Problem —
Please give back, word for word, each line from the start of the entries through the one in which "Folding Bike Lock" is found.

START Data records

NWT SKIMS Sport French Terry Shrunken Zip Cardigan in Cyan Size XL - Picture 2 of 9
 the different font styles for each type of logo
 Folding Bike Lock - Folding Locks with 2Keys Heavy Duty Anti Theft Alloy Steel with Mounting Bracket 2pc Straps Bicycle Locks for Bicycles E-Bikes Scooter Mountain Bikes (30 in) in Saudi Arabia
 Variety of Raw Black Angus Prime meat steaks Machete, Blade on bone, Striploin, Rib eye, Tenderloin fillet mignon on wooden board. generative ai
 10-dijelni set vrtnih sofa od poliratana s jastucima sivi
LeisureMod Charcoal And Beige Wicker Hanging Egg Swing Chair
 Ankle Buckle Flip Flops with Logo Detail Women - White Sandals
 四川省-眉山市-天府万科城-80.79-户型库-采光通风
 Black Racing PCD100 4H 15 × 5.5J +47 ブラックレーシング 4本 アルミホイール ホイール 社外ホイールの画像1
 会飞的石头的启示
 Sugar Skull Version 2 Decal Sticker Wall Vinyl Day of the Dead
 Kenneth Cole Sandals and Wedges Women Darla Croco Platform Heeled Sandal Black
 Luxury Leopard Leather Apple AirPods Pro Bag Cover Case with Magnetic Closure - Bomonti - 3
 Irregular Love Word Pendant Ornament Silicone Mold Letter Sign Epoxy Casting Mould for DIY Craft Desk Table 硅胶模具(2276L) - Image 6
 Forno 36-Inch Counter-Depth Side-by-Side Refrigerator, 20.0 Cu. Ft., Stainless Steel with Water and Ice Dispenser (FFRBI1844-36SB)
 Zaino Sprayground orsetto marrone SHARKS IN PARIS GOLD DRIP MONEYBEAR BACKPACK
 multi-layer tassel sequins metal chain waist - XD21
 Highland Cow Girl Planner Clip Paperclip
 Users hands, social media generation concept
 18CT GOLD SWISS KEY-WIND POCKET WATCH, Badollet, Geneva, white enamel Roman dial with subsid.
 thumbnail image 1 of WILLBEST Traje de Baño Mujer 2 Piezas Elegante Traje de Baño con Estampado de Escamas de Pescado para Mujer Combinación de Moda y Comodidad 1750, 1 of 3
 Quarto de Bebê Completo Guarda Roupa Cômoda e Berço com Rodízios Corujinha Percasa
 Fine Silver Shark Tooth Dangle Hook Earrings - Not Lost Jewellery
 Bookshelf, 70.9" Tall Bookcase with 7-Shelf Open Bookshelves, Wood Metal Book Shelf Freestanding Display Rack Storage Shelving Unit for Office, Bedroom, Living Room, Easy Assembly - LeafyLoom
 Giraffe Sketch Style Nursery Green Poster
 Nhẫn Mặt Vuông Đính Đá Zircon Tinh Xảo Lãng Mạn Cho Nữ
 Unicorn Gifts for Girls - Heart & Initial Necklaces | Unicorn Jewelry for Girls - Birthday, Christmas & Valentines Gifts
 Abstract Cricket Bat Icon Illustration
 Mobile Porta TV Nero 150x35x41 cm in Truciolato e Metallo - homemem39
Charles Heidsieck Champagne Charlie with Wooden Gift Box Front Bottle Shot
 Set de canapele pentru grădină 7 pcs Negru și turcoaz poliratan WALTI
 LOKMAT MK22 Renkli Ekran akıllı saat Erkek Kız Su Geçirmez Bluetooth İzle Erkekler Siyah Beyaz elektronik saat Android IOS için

END Data records

Finished exercise —
NWT SKIMS Sport French Terry Shrunken Zip Cardigan in Cyan Size XL - Picture 2 of 9
 the different font styles for each type of logo
 Folding Bike Lock - Folding Locks with 2Keys Heavy Duty Anti Theft Alloy Steel with Mounting Bracket 2pc Straps Bicycle Locks for Bicycles E-Bikes Scooter Mountain Bikes (30 in) in Saudi Arabia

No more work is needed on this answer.